El arte no necesita de ministerios, ni de institutos burocráticos que «seleccionen» qué obra merece existir y cuál no. El arte florece donde hay libertad, donde los creadores se ven impulsados por la necesidad interna de expresarse y son juzgados, finalmente, por su capacidad de conectar con el público, no por su adhesión ideológica.

La reducción del INCAA significa, paradójicamente, una oportunidad dorada para el cine argentino. Lejos de ser una catástrofe cultural —como algunos alarmistas pregonan—, podría significar el renacimiento de una cinematografía más vibrante, más honesta y más competitiva.
Quien quiera filmar, que filme. Pero que encuentre inversores, que busque productores, que se anime a conquistar al público con talento y no con slogans prefabricados. El éxito de una obra debe medirse por su resonancia, por su capacidad de emocionar, de provocar, de instalar preguntas, no por su apego a una línea bajada desde una oficina estatal.
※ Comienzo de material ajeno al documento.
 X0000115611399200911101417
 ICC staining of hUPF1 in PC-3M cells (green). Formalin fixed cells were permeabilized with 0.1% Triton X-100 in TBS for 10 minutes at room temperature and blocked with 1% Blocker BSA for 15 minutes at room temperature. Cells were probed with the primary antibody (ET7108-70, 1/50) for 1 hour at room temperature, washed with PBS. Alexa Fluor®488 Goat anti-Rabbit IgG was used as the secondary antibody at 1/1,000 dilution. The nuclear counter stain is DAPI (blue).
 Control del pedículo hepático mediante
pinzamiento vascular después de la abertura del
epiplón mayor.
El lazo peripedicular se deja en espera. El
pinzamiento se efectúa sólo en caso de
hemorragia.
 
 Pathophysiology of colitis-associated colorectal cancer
El verdadero drama del cine argentino no era la falta de fondos: era la falta de riesgo. Se filmaba sabiendo que no importaba si la película interesaba o no, si era buena o mala, si decía algo nuevo o si repetía un dogma gastado. El dinero estatal garantizaba la mediocridad porque desincentivaba la innovación.
Un cine hacia el futuro
Existen ejemplos recientes de películas argentinas que triunfaron en el mundo sin necesidad de vivir de subsidios eternos. Films que, a partir de su propio mérito, lograron acceder a festivales, plataformas de streaming y al aplauso internacional. Producciones que entendieron que la historia, la emoción, la belleza estética y la mirada crítica hacia la realidad no son monopolios de ningún gobierno, sino bienes universales.
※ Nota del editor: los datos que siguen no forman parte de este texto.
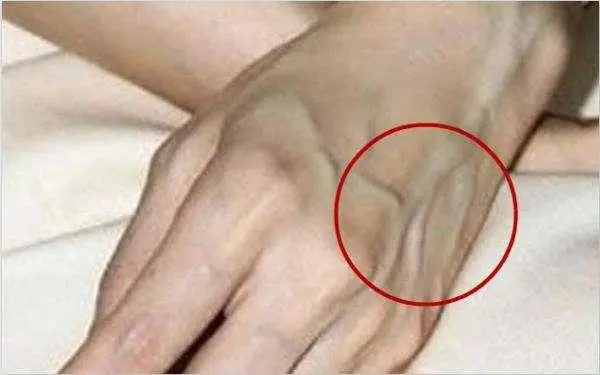 |手上“青筋暴起”到底有没有问题，听听专家是怎么说的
La nueva etapa exige volver a confiar en el talento, en la pasión y en la inteligencia del artista libre. Las plataformas digitales, los modelos de coproducción, el crowdfunding y la inversión privada abren hoy más puertas que nunca para quienes tengan ideas que valgan la pena contar.
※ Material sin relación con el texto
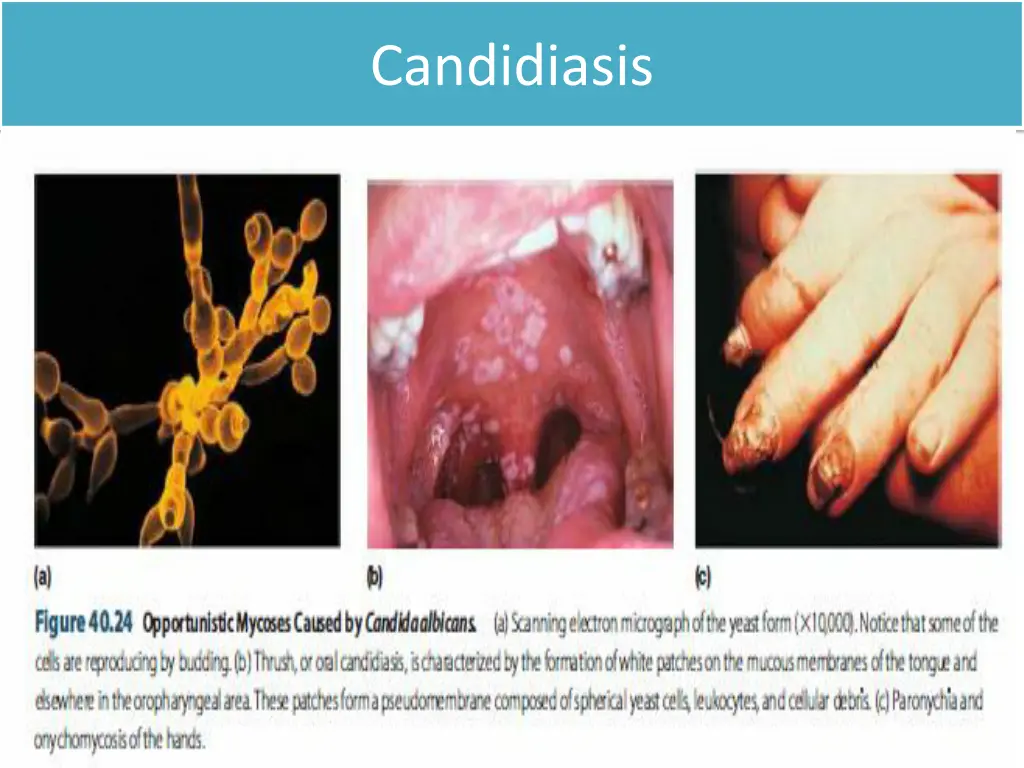 candidiasis 1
No se trata de abandonar el cine nacional a su suerte, sino de liberarlo. De sacarlo del corsé de la servidumbre política y devolverle su dignidad creativa. De apostar a un cine que dialogue de verdad con su tiempo y su sociedad, no que funcione como panfleto repetitivo para mantener a burócratas en sus puestos.
Conclusión
La cultura florece cuando la libertad impera, no cuando es tutelada por el Estado. El arte no necesita permisos, necesita espacios abiertos y mentes inquietas. El fin del viejo sistema de subsidios cinematográficos en Argentina no es un retroceso: es una conquista de la libertad creadora. Ahora, los verdaderos artistas tendrán la posibilidad —y el desafío— de demostrar su valía sin la red de seguridad del dinero fácil.
Bienvenido sea el riesgo. Bienvenido sea un cine argentino más auténtico, más competitivo, más valiente.